■ Work instruction:
Begin at the line below that has "imagePRETTYGARDEN Wide Leg" and stop after the line that has "2019 Nissan Leaf". Please restate only those lines, word for word.
• • • • •
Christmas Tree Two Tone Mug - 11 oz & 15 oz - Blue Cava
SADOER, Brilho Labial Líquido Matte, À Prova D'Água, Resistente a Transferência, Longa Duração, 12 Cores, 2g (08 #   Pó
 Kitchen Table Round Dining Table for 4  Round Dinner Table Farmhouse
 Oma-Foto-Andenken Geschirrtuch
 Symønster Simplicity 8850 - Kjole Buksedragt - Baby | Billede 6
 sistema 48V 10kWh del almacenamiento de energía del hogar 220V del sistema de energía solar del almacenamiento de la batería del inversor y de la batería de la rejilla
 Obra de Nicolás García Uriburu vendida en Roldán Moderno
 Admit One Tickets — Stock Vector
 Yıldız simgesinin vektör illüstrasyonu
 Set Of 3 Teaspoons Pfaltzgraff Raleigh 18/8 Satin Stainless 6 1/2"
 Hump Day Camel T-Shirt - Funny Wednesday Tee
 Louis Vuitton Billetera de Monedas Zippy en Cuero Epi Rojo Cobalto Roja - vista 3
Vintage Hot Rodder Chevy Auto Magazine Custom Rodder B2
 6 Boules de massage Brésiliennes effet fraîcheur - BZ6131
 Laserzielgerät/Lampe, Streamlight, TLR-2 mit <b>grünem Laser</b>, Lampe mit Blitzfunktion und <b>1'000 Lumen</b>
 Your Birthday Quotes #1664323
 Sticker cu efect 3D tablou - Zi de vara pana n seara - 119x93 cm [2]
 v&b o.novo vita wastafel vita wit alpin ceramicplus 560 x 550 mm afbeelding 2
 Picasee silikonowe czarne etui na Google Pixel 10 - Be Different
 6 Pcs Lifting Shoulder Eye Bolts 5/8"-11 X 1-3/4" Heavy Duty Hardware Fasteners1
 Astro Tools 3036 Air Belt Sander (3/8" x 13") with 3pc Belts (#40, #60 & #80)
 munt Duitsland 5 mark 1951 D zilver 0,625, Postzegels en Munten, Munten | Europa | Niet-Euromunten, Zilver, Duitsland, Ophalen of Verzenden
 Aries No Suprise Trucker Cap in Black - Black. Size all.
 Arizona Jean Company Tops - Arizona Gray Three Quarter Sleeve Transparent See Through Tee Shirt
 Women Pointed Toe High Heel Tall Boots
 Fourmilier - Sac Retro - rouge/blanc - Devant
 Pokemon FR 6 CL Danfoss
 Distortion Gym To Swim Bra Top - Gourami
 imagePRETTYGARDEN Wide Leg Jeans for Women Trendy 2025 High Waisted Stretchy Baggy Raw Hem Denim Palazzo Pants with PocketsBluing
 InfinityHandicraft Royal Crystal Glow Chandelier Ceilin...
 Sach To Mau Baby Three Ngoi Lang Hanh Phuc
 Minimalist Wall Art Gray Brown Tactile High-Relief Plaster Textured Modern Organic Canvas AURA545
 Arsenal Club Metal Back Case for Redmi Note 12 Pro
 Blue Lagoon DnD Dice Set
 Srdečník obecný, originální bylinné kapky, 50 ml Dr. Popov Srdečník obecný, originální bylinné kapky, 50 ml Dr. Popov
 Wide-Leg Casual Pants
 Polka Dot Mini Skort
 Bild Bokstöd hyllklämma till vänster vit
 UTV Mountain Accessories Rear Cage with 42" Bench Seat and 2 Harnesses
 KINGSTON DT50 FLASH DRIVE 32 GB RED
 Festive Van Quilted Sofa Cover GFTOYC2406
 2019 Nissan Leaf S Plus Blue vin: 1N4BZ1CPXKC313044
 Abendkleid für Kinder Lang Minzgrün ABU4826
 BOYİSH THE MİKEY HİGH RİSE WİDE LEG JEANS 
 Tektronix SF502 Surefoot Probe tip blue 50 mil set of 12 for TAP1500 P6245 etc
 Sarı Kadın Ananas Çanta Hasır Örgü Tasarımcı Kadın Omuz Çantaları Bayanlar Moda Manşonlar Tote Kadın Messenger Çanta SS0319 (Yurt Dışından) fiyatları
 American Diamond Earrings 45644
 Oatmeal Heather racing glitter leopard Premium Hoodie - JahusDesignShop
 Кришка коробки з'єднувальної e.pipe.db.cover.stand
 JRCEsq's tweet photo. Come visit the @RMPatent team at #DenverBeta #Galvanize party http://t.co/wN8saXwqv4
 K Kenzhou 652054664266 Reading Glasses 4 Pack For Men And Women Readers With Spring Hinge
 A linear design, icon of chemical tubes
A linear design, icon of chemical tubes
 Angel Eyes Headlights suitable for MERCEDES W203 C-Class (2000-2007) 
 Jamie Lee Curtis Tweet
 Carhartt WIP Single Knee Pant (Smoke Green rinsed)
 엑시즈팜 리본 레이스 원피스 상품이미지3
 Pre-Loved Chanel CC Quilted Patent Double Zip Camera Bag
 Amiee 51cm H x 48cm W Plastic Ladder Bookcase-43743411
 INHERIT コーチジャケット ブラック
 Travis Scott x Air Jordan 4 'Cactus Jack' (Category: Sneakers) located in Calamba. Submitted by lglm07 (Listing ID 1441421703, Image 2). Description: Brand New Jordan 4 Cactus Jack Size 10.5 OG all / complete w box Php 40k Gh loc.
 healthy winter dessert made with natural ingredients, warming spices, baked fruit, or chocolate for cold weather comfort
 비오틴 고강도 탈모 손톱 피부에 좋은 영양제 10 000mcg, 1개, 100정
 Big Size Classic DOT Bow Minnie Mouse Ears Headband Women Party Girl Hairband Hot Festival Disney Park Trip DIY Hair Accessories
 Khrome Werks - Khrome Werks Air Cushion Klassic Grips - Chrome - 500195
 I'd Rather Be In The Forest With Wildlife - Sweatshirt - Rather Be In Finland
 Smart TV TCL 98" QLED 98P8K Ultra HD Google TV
• • • • •
■ Answer to this problem:
 imagePRETTYGARDEN Wide Leg Jeans for Women Trendy 2025 High Waisted Stretchy Baggy Raw Hem Denim Palazzo Pants with PocketsBluing
 InfinityHandicraft Royal Crystal Glow Chandelier Ceilin...
 Sach To Mau Baby Three Ngoi Lang Hanh Phuc
 Minimalist Wall Art Gray Brown Tactile High-Relief Plaster Textured Modern Organic Canvas AURA545
 Arsenal Club Metal Back Case for Redmi Note 12 Pro
 Blue Lagoon DnD Dice Set
 Srdečník obecný, originální bylinné kapky, 50 ml Dr. Popov Srdečník obecný, originální bylinné kapky, 50 ml Dr. Popov
 Wide-Leg Casual Pants
 Polka Dot Mini Skort
 Bild Bokstöd hyllklämma till vänster vit
 UTV Mountain Accessories Rear Cage with 42" Bench Seat and 2 Harnesses
 KINGSTON DT50 FLASH DRIVE 32 GB RED
 Festive Van Quilted Sofa Cover GFTOYC2406
 2019 Nissan Leaf S Plus Blue vin: 1N4BZ1CPXKC313044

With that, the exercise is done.